To a skeptic, is there such thing as Certainty? To be skeptical of everything, I don't think so. So how can skepticism be pragmatic? Is logic perhaps what they call certainty? What if logic has a priori? Certainty implies no a priori right?

 

Descartes had this to say about certainty: "I think, therefore I am".

 

However, this has been refuted by Bertrand Russell, quite convincingly at that.

 

(I'm on a thread-starting rampage)

Posted

I've always prefered the variation of Descartes: "I think that I think, therefore I think that I am...."

 

Uncertainty is not by definition bad unless it leads to paralysis. Mr. Spock would always argue alternatives by stating the probability. I don't really see anything wrong with basing ones actions on most likely outcomes, and I think its a lot healthier mentally if one is prepared for the possibility of other outcomes rather than being devistated by finding that one's fervent and strongly held beliefs are not true. :hyper:

 

Logic on the other hand, is logic, and it will properly lead to conclusions if the assumptions are true (sometimes that's a BIG if!).
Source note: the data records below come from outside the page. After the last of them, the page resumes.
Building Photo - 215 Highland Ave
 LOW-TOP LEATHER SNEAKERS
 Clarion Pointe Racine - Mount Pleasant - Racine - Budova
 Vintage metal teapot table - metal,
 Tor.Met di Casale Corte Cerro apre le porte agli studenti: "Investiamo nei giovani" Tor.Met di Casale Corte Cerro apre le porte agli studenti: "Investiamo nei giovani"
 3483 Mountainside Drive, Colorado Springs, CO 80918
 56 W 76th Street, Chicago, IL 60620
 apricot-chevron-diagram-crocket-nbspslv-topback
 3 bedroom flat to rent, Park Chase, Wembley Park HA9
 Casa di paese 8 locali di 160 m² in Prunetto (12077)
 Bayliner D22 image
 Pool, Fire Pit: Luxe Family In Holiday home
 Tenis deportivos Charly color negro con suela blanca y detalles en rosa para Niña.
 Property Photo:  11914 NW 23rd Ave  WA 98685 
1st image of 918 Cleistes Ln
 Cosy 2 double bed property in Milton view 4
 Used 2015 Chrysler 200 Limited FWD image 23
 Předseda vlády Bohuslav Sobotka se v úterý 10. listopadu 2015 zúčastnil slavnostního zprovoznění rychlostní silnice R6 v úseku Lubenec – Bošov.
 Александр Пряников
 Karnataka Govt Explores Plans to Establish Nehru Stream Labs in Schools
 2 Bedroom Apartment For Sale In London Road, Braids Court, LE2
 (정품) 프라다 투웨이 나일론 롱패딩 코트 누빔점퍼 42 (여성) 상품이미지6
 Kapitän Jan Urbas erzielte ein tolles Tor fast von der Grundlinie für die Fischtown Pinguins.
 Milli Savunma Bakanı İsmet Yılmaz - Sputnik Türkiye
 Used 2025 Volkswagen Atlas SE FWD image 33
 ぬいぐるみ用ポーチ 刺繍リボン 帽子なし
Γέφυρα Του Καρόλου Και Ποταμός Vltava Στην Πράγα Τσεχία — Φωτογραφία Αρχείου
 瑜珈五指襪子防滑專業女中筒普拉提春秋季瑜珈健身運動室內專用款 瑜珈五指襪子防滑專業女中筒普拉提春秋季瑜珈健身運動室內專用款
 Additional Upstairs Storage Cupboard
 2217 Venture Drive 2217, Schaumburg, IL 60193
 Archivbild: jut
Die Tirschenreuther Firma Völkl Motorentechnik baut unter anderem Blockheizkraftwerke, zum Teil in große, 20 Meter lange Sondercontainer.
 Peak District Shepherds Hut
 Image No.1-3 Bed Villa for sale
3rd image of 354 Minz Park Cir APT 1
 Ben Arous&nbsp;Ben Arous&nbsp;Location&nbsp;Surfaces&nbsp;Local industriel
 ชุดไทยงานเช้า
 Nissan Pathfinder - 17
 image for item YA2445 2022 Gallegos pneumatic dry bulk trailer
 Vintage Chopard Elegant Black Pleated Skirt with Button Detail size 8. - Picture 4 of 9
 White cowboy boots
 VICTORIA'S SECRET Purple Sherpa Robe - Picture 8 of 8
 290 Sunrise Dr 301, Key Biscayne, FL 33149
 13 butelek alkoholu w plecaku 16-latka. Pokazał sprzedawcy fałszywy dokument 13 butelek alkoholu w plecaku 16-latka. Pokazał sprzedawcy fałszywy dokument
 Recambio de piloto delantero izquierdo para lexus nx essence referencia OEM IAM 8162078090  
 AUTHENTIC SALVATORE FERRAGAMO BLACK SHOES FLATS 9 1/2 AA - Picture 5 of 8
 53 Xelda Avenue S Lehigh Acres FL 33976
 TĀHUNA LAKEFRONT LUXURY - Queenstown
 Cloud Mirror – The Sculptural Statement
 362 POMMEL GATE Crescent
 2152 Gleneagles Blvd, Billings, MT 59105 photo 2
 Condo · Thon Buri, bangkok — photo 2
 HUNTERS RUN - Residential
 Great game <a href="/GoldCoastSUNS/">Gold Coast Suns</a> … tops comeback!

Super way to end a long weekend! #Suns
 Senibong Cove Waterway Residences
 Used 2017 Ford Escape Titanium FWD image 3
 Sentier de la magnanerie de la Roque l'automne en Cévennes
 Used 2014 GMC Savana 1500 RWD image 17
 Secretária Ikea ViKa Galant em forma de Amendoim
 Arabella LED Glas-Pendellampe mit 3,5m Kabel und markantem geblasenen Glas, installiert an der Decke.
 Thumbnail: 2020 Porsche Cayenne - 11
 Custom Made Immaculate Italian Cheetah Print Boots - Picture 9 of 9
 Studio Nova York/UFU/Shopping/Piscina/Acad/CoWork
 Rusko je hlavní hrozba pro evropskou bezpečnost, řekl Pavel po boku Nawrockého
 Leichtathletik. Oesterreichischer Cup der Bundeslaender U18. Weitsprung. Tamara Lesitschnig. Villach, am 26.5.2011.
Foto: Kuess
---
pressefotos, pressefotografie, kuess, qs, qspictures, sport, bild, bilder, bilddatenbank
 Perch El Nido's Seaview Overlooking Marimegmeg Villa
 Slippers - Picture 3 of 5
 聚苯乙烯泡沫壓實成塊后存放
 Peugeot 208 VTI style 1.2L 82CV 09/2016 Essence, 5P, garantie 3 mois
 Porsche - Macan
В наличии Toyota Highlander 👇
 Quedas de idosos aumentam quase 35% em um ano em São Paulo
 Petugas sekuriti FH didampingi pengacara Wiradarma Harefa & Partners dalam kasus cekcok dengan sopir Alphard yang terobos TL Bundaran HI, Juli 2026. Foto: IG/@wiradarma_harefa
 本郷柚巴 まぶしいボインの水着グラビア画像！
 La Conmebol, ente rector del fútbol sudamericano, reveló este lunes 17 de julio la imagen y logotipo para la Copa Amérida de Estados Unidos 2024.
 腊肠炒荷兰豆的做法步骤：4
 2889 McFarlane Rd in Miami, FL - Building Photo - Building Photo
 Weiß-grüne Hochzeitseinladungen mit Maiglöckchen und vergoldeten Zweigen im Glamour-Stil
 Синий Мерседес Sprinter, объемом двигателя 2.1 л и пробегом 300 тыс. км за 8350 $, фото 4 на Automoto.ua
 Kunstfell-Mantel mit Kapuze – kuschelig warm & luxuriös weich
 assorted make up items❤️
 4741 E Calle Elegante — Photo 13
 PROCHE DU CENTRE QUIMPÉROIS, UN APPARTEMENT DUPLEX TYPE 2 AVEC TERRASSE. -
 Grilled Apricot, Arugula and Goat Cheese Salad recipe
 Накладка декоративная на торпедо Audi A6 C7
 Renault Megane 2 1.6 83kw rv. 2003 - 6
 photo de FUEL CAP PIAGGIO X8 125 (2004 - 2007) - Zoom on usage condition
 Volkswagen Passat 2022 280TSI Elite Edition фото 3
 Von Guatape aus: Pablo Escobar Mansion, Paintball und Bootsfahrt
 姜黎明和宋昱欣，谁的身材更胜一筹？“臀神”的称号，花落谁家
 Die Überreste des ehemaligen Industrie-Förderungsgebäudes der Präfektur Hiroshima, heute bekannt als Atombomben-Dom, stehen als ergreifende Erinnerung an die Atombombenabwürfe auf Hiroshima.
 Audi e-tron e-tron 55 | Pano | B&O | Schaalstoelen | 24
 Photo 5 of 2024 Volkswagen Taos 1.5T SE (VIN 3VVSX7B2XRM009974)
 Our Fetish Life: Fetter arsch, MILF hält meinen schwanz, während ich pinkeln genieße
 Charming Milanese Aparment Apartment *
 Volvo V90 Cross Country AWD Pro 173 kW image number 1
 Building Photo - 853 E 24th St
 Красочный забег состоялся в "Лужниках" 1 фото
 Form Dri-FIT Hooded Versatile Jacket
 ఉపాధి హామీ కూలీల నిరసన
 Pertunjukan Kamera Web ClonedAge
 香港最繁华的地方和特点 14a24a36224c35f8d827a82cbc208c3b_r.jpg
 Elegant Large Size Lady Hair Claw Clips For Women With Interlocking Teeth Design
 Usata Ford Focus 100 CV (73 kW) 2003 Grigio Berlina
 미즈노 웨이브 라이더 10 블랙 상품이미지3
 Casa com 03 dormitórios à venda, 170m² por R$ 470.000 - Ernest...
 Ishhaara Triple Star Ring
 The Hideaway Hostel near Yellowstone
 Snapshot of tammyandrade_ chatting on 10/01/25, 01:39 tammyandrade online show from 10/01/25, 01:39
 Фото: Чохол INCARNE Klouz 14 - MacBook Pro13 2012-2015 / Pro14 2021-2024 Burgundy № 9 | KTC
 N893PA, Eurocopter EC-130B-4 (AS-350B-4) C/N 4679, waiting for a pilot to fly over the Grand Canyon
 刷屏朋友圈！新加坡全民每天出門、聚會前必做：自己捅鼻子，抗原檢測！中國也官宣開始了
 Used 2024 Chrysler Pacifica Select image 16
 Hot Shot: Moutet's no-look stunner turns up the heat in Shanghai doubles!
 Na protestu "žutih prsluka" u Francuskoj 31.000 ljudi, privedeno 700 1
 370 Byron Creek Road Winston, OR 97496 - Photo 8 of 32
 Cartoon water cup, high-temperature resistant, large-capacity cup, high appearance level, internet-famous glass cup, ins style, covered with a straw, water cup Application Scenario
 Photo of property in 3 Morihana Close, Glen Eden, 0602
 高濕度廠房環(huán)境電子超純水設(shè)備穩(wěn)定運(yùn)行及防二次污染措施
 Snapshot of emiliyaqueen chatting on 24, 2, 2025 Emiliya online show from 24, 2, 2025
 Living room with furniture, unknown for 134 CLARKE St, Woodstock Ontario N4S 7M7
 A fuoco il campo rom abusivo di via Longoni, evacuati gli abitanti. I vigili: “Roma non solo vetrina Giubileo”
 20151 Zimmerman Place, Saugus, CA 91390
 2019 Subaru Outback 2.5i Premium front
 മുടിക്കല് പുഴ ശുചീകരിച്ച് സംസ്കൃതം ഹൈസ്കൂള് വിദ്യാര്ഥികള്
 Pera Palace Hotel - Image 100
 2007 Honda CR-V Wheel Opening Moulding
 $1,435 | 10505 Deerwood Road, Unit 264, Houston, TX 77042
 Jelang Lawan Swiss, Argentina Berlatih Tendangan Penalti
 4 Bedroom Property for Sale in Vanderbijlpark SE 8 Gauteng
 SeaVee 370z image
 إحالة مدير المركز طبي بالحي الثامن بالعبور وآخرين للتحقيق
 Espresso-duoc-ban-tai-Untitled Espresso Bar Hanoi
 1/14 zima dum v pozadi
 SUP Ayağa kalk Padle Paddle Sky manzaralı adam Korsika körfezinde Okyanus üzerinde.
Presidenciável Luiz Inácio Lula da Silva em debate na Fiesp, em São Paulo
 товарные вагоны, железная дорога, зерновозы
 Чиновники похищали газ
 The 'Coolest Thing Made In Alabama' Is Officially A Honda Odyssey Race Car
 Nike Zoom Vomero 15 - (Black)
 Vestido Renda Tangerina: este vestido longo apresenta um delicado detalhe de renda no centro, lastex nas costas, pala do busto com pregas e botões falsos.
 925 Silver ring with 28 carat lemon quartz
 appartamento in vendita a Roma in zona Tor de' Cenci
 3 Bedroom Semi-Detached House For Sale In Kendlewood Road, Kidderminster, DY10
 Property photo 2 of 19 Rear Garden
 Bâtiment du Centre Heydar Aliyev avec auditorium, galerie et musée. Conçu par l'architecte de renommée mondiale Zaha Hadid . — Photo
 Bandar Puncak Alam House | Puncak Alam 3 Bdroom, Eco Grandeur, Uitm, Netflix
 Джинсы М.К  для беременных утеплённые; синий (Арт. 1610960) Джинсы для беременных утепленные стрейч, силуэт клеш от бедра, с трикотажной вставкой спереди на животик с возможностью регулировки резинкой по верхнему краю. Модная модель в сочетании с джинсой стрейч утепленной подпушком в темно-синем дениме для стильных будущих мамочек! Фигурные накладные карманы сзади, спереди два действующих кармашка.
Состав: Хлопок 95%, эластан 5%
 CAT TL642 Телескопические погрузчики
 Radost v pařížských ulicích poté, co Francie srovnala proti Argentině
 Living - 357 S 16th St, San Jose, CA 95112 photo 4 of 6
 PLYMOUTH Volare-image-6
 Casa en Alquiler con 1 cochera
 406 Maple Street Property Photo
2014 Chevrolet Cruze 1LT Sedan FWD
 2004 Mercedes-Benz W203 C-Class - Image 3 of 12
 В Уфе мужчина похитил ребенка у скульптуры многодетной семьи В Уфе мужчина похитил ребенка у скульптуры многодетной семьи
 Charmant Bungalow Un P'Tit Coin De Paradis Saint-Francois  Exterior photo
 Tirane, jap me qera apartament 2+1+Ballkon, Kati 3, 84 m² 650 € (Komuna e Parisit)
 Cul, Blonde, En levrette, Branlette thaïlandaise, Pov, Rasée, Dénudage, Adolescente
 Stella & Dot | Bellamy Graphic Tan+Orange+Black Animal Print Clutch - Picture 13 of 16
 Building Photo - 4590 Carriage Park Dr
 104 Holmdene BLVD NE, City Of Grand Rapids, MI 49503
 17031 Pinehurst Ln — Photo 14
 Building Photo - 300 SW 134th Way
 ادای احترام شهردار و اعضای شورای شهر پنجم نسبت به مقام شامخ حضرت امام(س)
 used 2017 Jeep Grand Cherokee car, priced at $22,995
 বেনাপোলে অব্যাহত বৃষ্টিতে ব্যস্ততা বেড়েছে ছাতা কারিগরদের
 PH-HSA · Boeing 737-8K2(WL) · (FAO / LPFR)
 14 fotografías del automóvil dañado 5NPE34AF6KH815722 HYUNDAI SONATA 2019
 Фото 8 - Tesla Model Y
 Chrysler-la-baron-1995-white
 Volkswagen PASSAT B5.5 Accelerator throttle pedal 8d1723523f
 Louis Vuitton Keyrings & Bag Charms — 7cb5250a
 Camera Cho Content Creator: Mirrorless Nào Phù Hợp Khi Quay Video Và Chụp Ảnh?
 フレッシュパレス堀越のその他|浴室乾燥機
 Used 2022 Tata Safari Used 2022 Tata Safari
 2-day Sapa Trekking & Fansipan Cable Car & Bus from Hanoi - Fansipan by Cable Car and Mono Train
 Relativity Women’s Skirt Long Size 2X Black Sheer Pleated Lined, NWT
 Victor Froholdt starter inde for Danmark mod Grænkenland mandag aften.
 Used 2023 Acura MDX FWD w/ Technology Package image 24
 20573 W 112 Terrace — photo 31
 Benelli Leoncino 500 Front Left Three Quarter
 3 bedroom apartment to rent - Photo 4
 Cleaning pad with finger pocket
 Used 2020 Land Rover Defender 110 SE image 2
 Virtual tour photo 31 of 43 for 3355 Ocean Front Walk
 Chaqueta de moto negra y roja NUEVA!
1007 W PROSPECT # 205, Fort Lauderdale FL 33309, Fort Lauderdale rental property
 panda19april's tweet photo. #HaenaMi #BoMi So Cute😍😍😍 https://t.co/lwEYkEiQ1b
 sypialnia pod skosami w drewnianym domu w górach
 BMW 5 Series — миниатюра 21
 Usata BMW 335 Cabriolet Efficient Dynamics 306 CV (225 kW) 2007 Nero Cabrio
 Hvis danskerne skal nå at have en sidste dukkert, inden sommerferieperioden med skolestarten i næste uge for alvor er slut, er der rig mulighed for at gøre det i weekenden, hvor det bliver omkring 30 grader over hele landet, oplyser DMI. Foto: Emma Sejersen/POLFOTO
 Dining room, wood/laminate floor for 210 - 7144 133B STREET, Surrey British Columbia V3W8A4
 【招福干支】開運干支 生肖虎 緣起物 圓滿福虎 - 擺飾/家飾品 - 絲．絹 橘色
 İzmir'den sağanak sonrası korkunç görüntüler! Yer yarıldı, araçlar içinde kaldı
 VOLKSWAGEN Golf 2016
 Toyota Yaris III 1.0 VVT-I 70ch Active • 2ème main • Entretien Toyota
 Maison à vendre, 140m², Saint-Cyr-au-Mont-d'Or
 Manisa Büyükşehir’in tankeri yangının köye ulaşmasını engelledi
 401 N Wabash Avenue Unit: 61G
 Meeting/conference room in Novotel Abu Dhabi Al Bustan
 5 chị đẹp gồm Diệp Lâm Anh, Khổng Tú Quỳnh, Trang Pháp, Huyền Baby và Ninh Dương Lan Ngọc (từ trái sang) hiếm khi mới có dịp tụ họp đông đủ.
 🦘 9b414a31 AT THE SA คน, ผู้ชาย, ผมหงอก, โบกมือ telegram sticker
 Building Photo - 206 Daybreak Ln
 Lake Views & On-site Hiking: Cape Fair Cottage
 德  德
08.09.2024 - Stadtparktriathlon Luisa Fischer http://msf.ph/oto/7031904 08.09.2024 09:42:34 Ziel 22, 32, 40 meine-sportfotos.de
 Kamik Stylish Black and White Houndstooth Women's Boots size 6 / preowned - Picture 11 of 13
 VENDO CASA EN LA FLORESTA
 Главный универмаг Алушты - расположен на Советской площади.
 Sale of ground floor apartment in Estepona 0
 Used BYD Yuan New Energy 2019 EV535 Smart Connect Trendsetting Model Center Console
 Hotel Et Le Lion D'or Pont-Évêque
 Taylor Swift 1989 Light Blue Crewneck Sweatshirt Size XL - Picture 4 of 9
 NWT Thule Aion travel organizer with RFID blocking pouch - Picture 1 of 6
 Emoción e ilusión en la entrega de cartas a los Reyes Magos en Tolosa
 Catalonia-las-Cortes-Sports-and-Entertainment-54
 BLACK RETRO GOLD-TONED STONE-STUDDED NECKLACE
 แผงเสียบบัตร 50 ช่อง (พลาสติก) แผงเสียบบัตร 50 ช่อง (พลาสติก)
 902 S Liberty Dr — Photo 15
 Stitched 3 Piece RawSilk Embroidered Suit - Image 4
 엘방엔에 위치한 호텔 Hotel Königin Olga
Probabilistic or "Fuzzy" Logic (thanks Lofti!) is an interesting merger of these two concepts (simple: http://www.doc.ic.ac.uk/~nd/surprise_96/journal/vol2/jp6/article2.html not so simple: http://www.generation5.org/content/1999/fuzzyintro.asp

 

Cheers,

Buffy

Posted

fuzzy logic is all well and dandy but does it rely on terabytes of stored experience or a few hundred thousand lines of tentative code?

 

i'd play chess agaisnt a machine that could make decisions i didn't expect... fuzzy logic = gimmick

 

i'd place my life in the hands of a machine that i knew knew what it was doing based on experience (not only its own operational experience but procedural knowledge stored locally (the machine cerebellum if you will, where the internet would be its equivelant of our two big lobes, and that each machine would only be a node on a network of thousands of machines who's idle cycles would be used to crunch bigger tasks instead of going to waste), and intuitive logic (what comes after fuzzy.. hopefully), which deals with stored knowledge and takes into account current events to MAKE decisions on the fly (but lots of data crunched and recrunched in parallel (like that base 20bit amino acid computer processing at 1024 bits per cycle at 20ghz per second (though speed won't be a factor only crunching numbers (since the human brain hardly ticks at all really).. but i'm just throwing numbers out there, when i should say that instead of meaningless bits future machines will have to deal with thought bits, entire files at once, uncompressed pure information). giving machines the human ability to process events faster than realtime, before they happen... (but not necessarily precognition, but not excluding it either)

 

in the future i hope that such machine will replace humans in some tasks that require faster procedural response than our flimsy nervous system and tennis ball knot of 'real brain' can muster.

 

i.e. when planes get too fast, cars get too fast, trains boats etc, it'll be nice to know that your machine (not necessarily anthropomorphic.. read: the charriot isn't just horseless its driveless, the driver being a omnipotent evermind crayX smart server hidding 2 miles underground operating its thousands of buses like cards hive queen (well not through telepathy, but through a secure wifi network) driver/pilot is faster stronger and smarter than a human would have been in that given situation.

Posted

alxian,

 

On who experience ? Not the machine it doesn't think. It doesn't experience. Cognitive thinking

creatures (Humans) do that. You can program a machine to "think". However, it is only a simulation and

not thinking ... yet. Fuzzy Logic can make a washing machine record a history of the clothes it has washed

and make adjustments accordingly. Does not imply that given a new circumstance of unknown origin

(strange piece of clothes never before seen) would this washing machine know for sure what action to take.

 

Maddog

Posted
fuzzy logic is all well and dandy but does it rely on terabytes of stored experience or a few hundred thousand lines of tentative code?

 

i'd play chess agaisnt a machine that could make decisions i didn't expect... fuzzy logic = gimmick

 

Whoa! This is getting majorly off-topic, but just a point on this tangent: Fuzzy Logic actually does not require learning a la neural networks (it can of course, but if it doesn't, it doesn't need much of a database and the code can be pretty darn generic). Its simply code that combines data to come up with values that are matched against a set of probabilities that allow the code to go different directions based on gradually varying inputs instead of the good ol 0/1 binary used in formal predicate logic. And as Maddog points out, its not a gimmick, its likely in your washing machine, varying the water level and the spin speed based on the weight and quality of the clothes you put in it. As Maddog also points out, it won't deal with situations you didn't program into it, so you can't expect the washing machine to magically figure out what to do if you throw your car's carborator in it. Pretty cool stuff though and being used in LOTS of places....

 

Cheers,

Buffy

Posted
To a skeptic, is there such thing as Certainty? To be skeptical of everything, I don't think so.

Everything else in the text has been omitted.